HL Deb 25 July 1845 vol 82 cc1078-9
Lord Brougham

presented a petition from James Thomas Russell, of No. 37, Percy-street, Bedford-square, solicitor, complaining that two witnesses who had been examined before the Committee of their Lordships' House on Gaming, had given false and slanderous evidence against him, to the great detriment of his character, and of the characters of all those connected with him; and praying that, as he found it would be a breach of the privileges of their Lordships' House to bring an action at law against those parties, some opportunity might be afforded him of vindicating his character. As the Session was now so near its close, he would move that the petition do lie on the Table, with the intention of moving early in the ensuing Session that it be referred to a Select Committee.

The Lord Chancellor

said, he should be very ready to assist his noble and learned Friend in investigating this subject; but he wished to remind their Lordships that the Committee alluded to in the petition had sat last Session, and the petitioner had allowed the matter to lie over without taking any notice of it for a whole year, and until after this House had decided that it would not allow him to go to law. He thought their Lordships could draw a natural and almost necessary conclusion from that circumstance.

Lord Brougham

said, the petition stated that it was only on Saturday last that the petitioner first saw a copy of the evidence of which he complained.

The Lord Chancellor

But he does not state that he did not previously know of the evidence having been given.

Lord Brougham

said, the law allowed a party four years to bring his action, and he would humbly submit that their Lordships were not justified in not merely shutting out an aggrieved party from redress in a court of law, but also in refusing him any other relief.

Lord Campbell

said, he was inclined to think that Russell was the name of a person who had been subjected to a very rigorous cross-examination at the bar of their Lordships' House by his noble and learned Friend (Lord Brougham) on the very subject alluded to in the petition. He would, however, strongly support the Motion of his noble and learned Friend for inquiry.

After a few words from Lords Brougham and Stradbroke,

The Earl of Wicklow

said, he thought, no matter what the character of an individual might be, the House had a right to give him an opportunity of clearing his character.
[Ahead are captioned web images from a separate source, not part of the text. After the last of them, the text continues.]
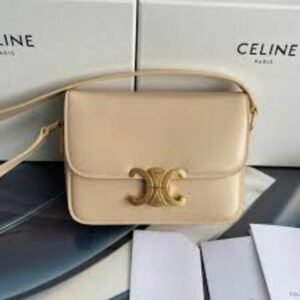 Celine Triomphe Shoulder Bag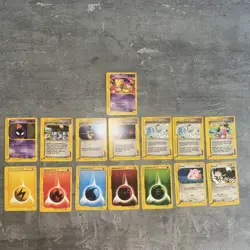 Vintage Pokemon E Reader Lot of 15 Cards - Expedition - Image 1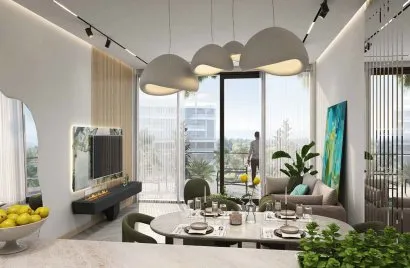 Квартира с 1 спальней в Damac Lagoon Views Phase 3, Golf City, Дубай, ОАЭ №4098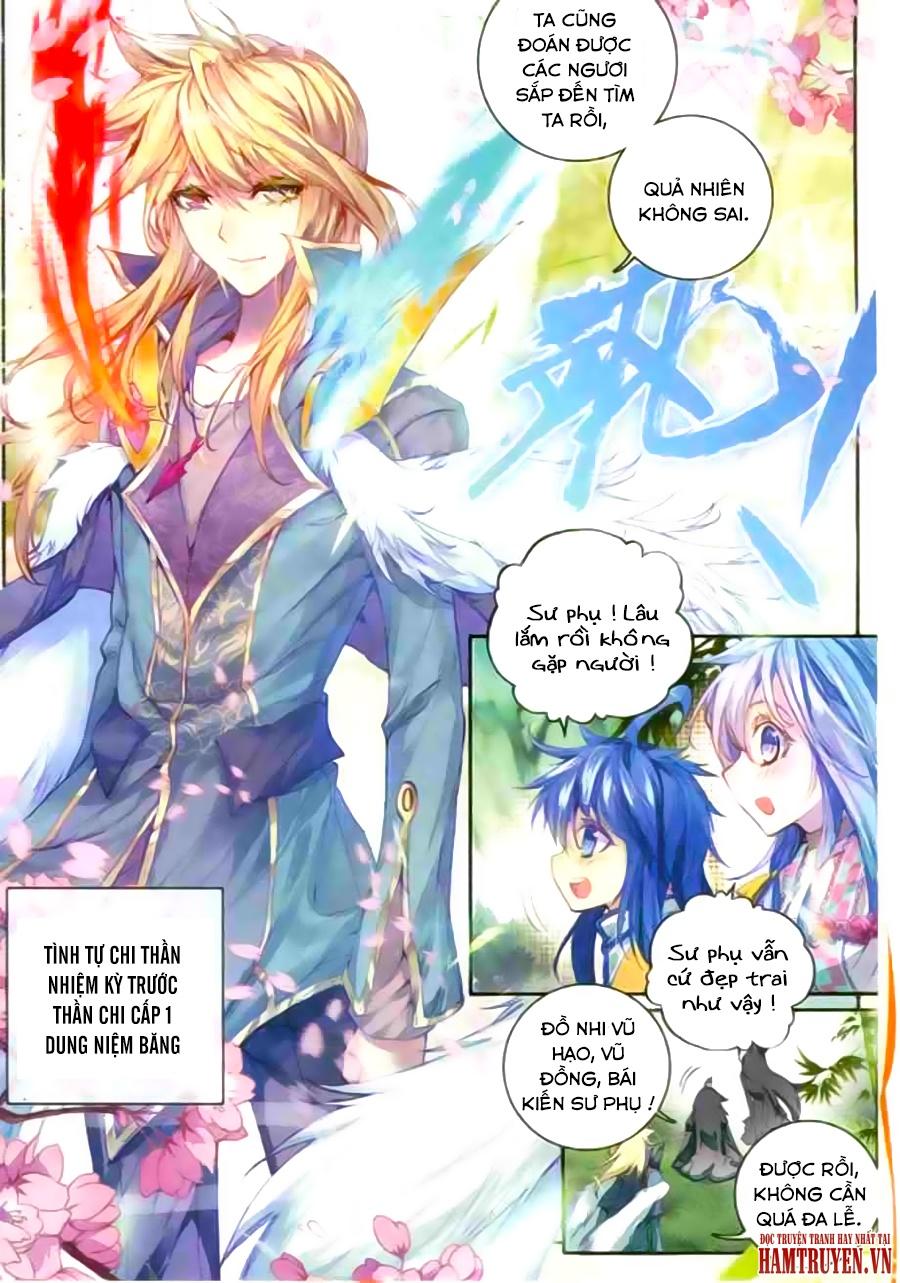 Thần Giới Truyền Thuyết - Chương 18 - Trang 6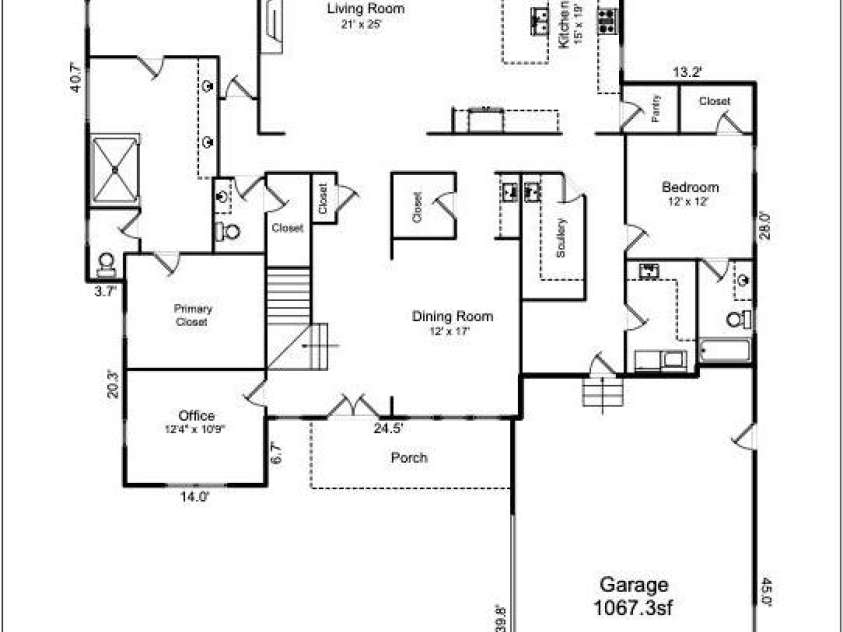 613 Deodar Cedar Drive, Weddington, NC 28104.  MLS# CAR4212614, YatesRealty ID 2674. 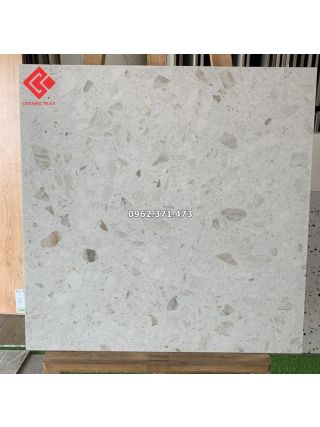 Gạch giả đá terrazo 600x600 lát nền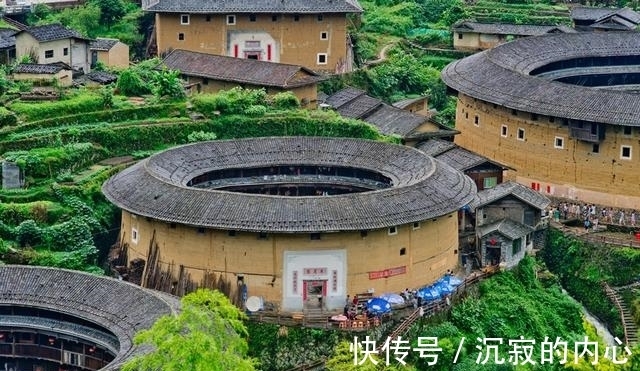 建筑材料|中国客家土楼，墙体为泥块里面无铁无水泥，却能屹立600年不倒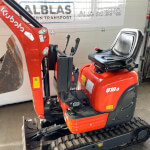 Kubota U10-3 graafmachine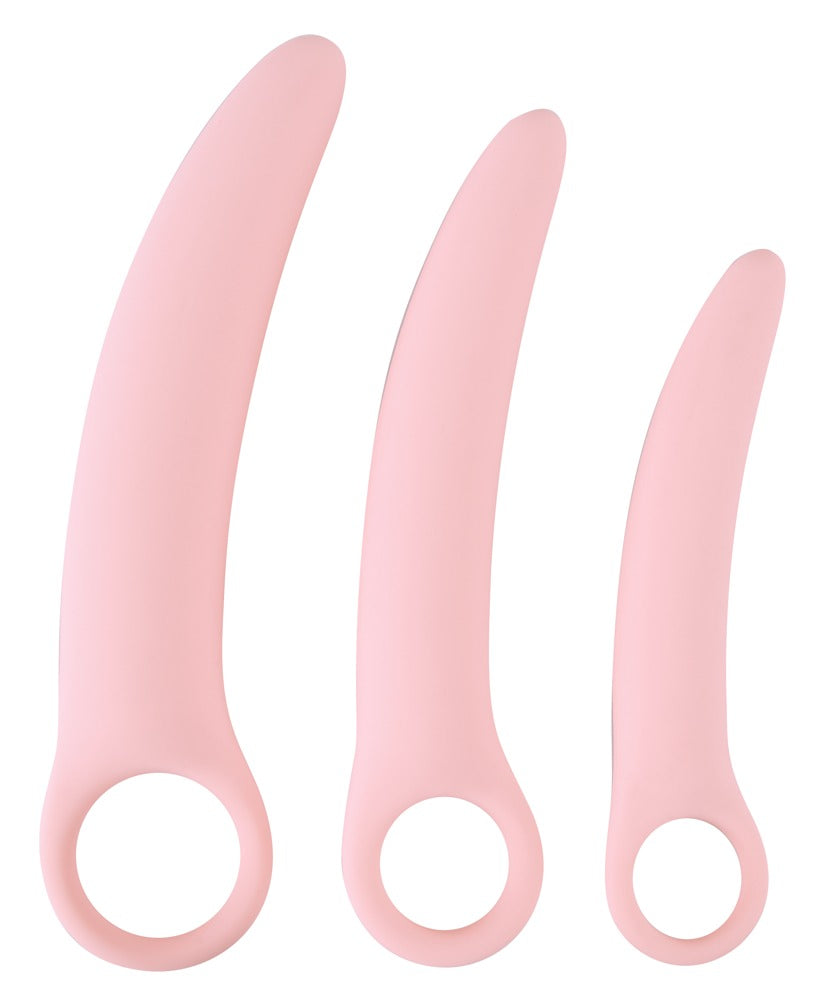 Sweet Smile Vaginal Trainers - Set de 3 Dilatadores Vaginales de Silicona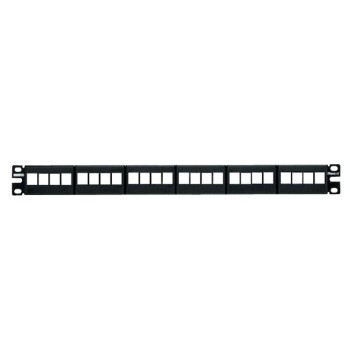 Panel de Parcheo Panduit - 24 Puertos - NKFP24Y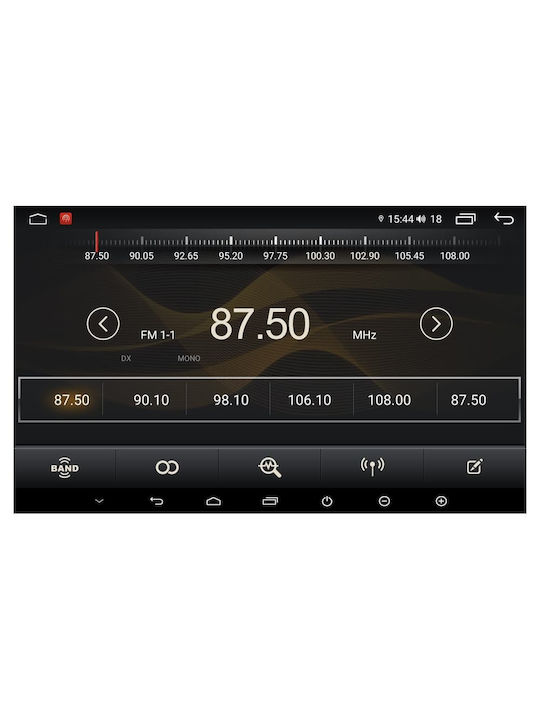 Bizzar Ηχοσύστημα Αυτοκινήτου για Skoda Kodiaq 2016> (Bluetooth/USB/WiFi/GPS/Apple-Carplay/Android-Auto) με Οθόνη Αφής 10"
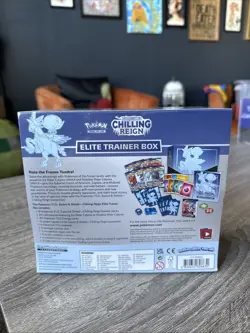 Pokemon - Chilling Reign - Elite Trainer Box - Ice Rider Calyrex -Factory Sealed - Image 5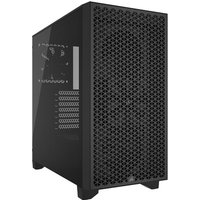 Boîtier PC Corsair 3000D AIRFLOW moyen tour noir avec panneau latéral verre trempé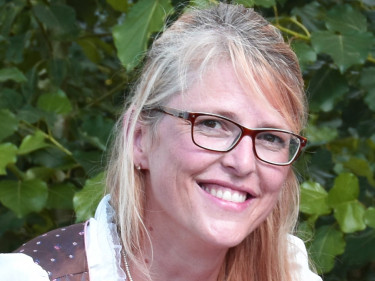 Bäuerin Barbara Fischer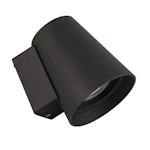 WALLFIXTURE CONE GU10 ANTHR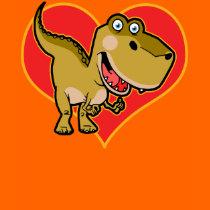 Blue eye Dino t-shirts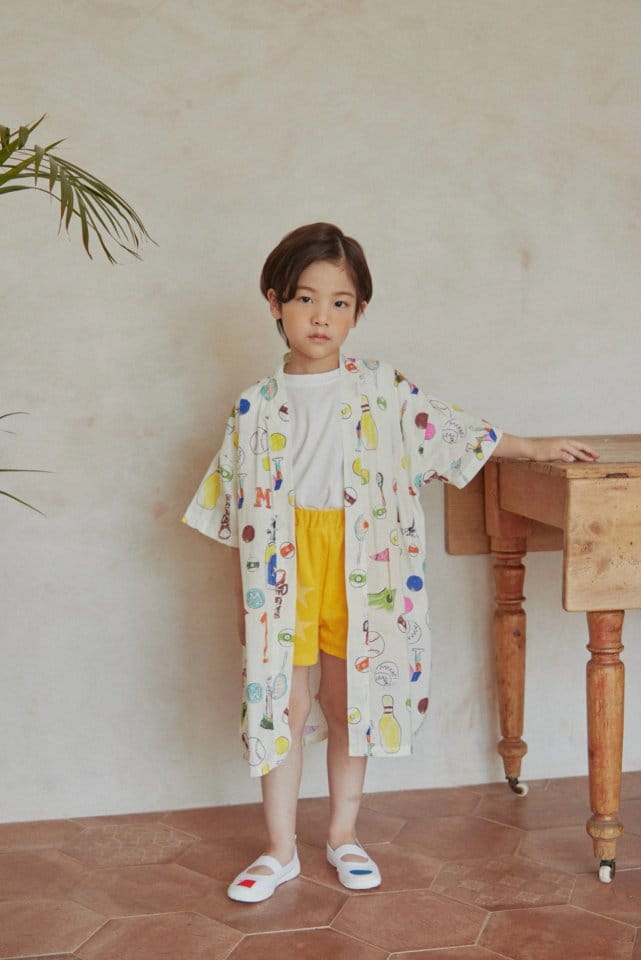 DALKOMHAI - Korean Children Fashion - #Kfashion4kids - Summer Robe - 4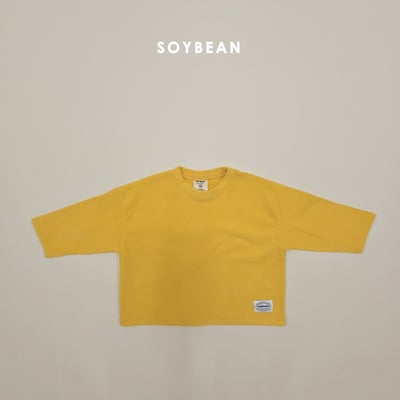 Soybean67｜(75cm-118cm) 素面上衣10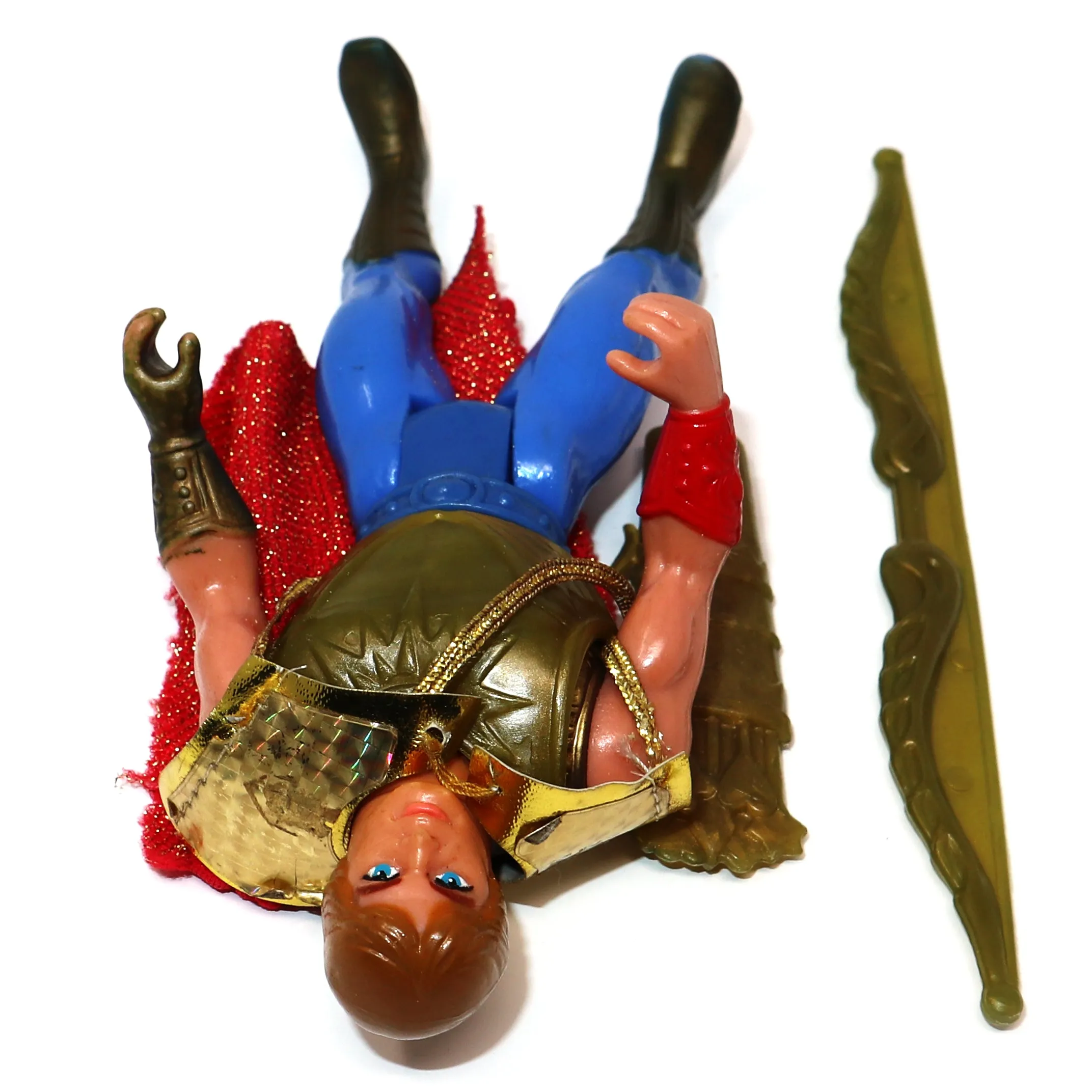 Vintage 1984 80s Mattel She-Ra (Shera) Princess of Power Bow Action Figure Near Complete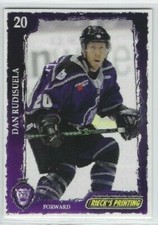 2008-09 Reading Royals (ECHL) Dan Rudisuela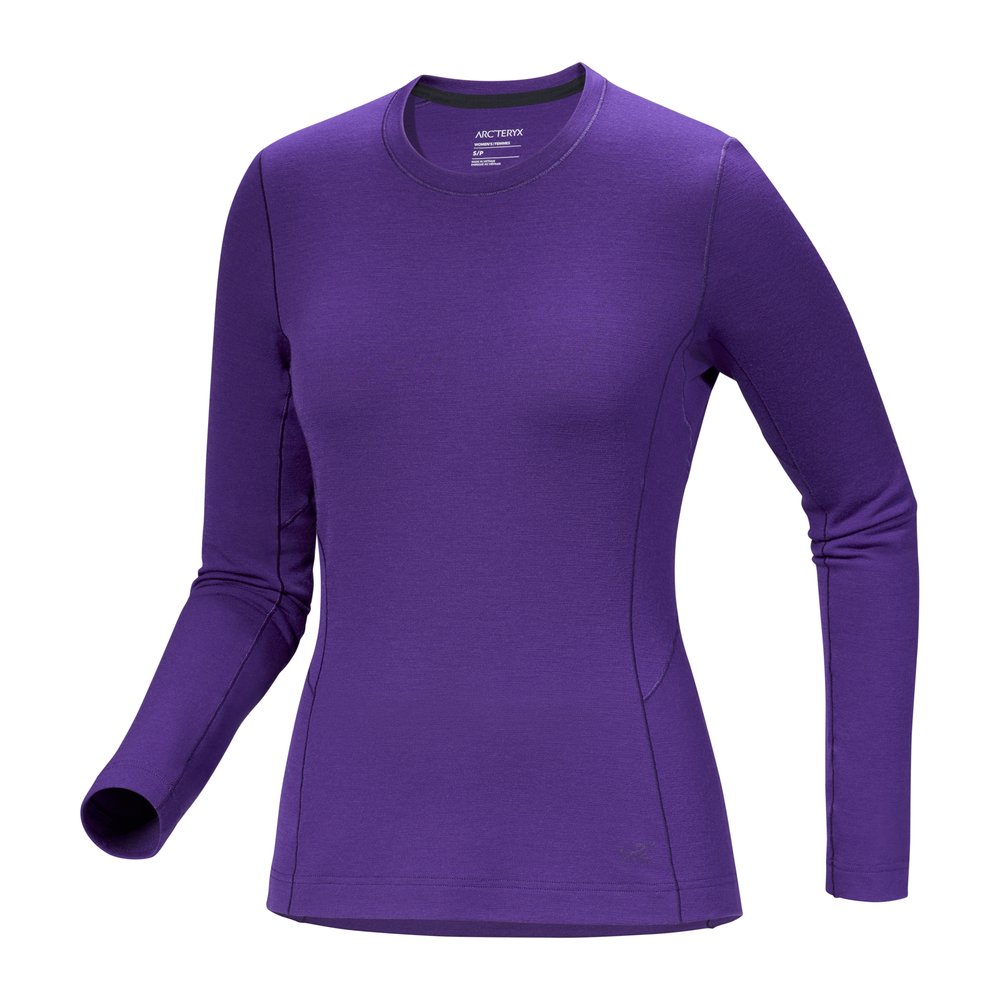 ARC'TERYX Satoro Merino Wool Crew Women - Langarmshirt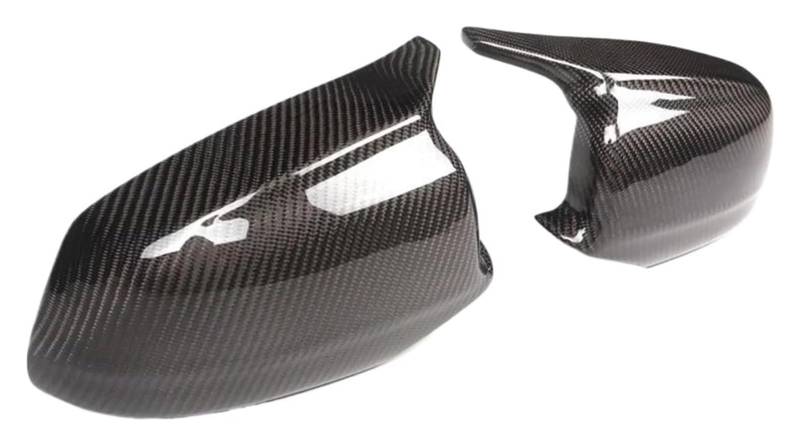 Für Limousine Wagon Für 5 Serie F10 F11 2010-2013 Carbon Faser + ABS Außentür Seite Flügel Spiegel Gehäuse Abdeckung Tür Spiegelkappen(Carbon Fiber) von NEIGHBOBHOOD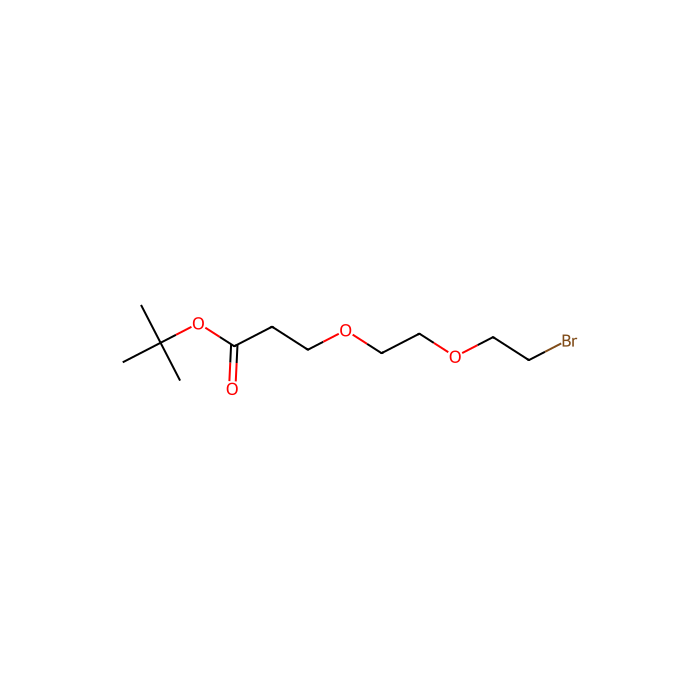Bromo-PEG2-C2-Boc - ≥95% CAS No(1381861-91-1) by Aladdin Scientific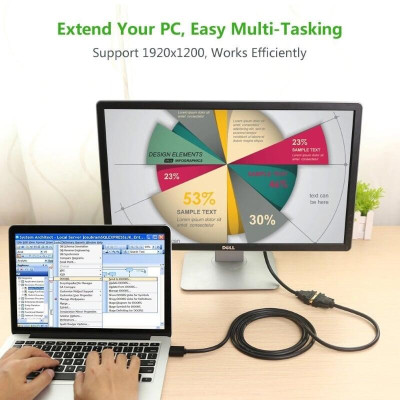 Ugreen UG50349HD133TK 3M màu Đen Cáp chuyển đổi HDMI sang DVI 24 + 1 thuần đồng - HÀNG CHÍNH HÃNG
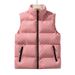 New Cotton Vest, Men's Sleeveless Vest, Thickened, Warm, Simple, Fashionable, Versatile, Casual Vest Jacket_viptrois.com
In reply to what had fallen from his noble Friend on the Woolsack he wished to remark, that any delay to which the petitioner might have been a party should be calculated, not from the time that the Committee had made their Report, but from the period when, their Lordships having consented to give a copy of the Report to the Commons, the latter House had thought proper to sell and promulgate the libel which it contained.

The Lord Chancellor

said, he had no desire to oppose the Motion for inquiry, but he had merely wished to draw their Lordships' attention to a point of date.

Petition read, and ordered to lie on the Table.